Alex Rodríguez, Maho Takahashi, and Grant Goodall present at HSP 2023

Graduate students Alex Rodríguez and Maho Takahashi, along with faculty member Grant Goodall, presented posters at the 2023 Human Sentence Processing conference held at the Univ. of Pittsburgh. Alex’s and Grant’s poster was on “Clitic Left Dislocation in Spanish: Island sensitivity without gaps”, while Maho and Grant presented two posters, one on “Island effects persist despite context: The case of double relatives in Japanese” and the other on “Crossed vs. nested dependencies and crosslinguistic variability in islands”.

Grant Goodall publishes article on constructed languages

Faculty member Grant Goodall published an article entitled “Constructed Languages” in the open-access journal Annual Review of Linguistics. The article examines philosophical languages of the 17th century, international auxiliary languages of the late 19th and early 20th centuries, the languages for film and television that started to become common in the late 20th century, and the artificial languages for psycholinguistic experiments that are widely used now. The article argues that each of these types of languages presents interesting research questions and deserves increased attention from linguists.

JJ Lim receives language revitalization award

PhD candidate JJ Lim and his collaborators, Ghilyana Dordzhieva and Darina Gedeeva, were selected to be part of the 2023 cohort of the Wikitongues Language Revitalization Accelerator program. The award comes with specialized training, in-kind support, and a $2000 grant, to support projects on language revitalization. JJ and his collaborators are working to revitalize the Kalmyk language in the Kalmyk American diaspora, which is concentrated primarily in New Jersey, New York and Pennsylvania. They will use this opportunity to develop a first-of-its-kind conversational English-Kalmyk language course geared towards beginners, which includes a textbook, online dictionary and website with supplementary materials.

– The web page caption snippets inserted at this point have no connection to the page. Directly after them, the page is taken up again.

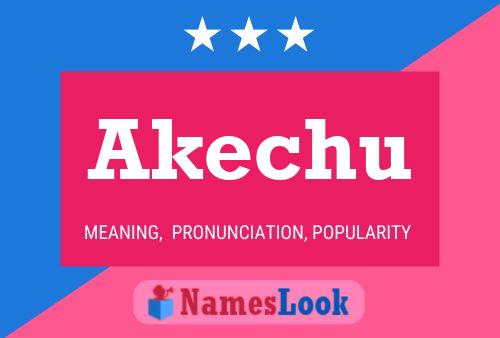 Akechu Namensposter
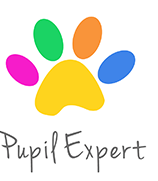 DPS Software kupony 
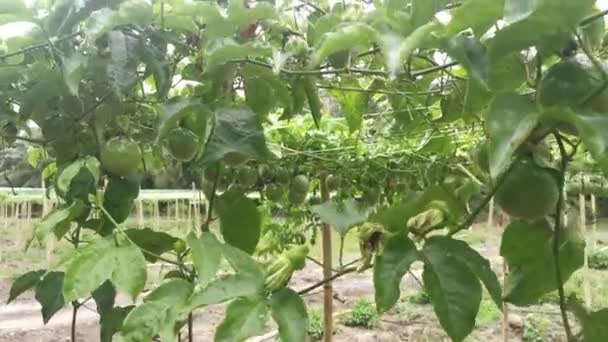 Passiflora Edulis Frutos Rastreros Que Cuelgan Los Tallos Vid — Vídeo de stock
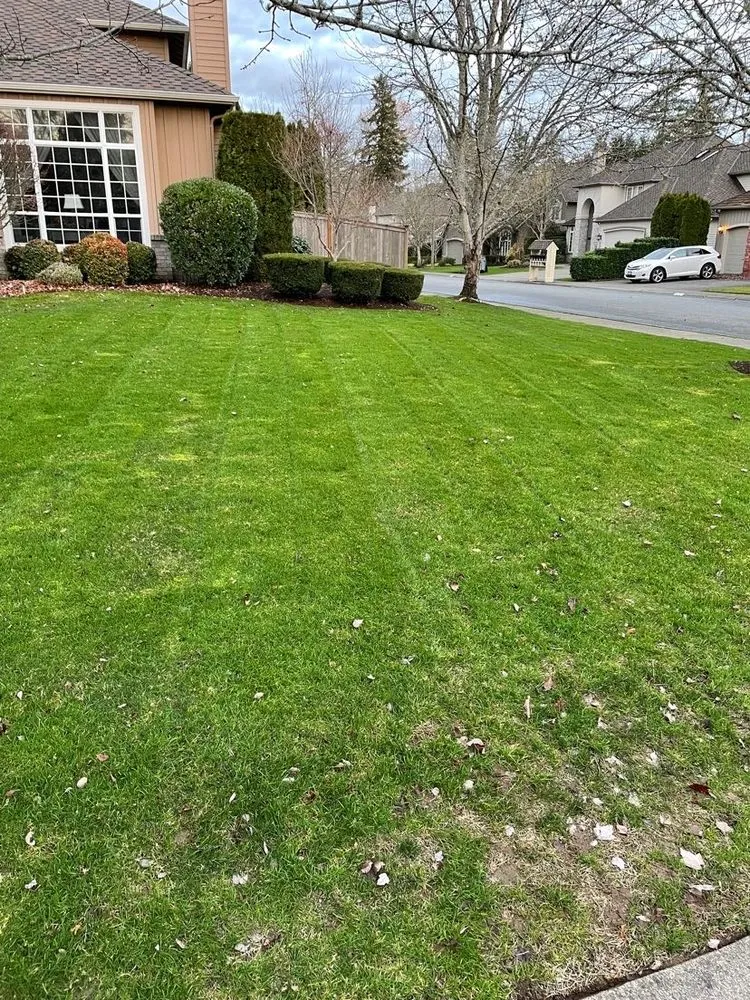 Professional yard maintenance for outdoor upgrades across Seattle, WA - J.J Elite Landscaping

Find out more about their project here.

Emily Clem publishes in Languages

Faculty member Emily Clem has a new paper “The expression of time in Amahuaca switch-reference clauses” that just appeared in the open access journal Languages as part of a special issue called “Current Studies on Morpho-Syntax, Semantics, and Pragmatics: A View from the South American Lowlands and Beyond”. This paper offers a comparison of how degrees of temporal remoteness are expressed in main vs. dependent clauses in Amahuaca (Panoan; Peru), showing that in adjunct clauses markers of temporal remoteness can result in similar kinds of ambiguities that are found with tense markers in other languages.

JJ Lim and Michelle Yuan presented at WCCFL 41

Graduate student JJ Lim and faculty member Michelle Yuan presented at WCCFL 41, the 41st West Coast Conference on Formal Linguistics, held at UC Santa Cruz from May 5-7, 2023. JJ presented a talk titled ‘Nominalisations without DP: Dissociating genitive case assignment from possessor agreement’. Michelle co-presented a talk titled ‘Phase unlocking and the derivation of verb-initiality in San Martín Peras Mixtec’ with Andrew Hedding (University of Washington).

Ivano Caponigro receives an NEH Summer Stipend Award

Faculty member Ivano Caponigro has been awarded an NEH (National Endowment for the Humanities) Summer Stipend Award. NEH received more than 800 proposals and 14% were selected for an award.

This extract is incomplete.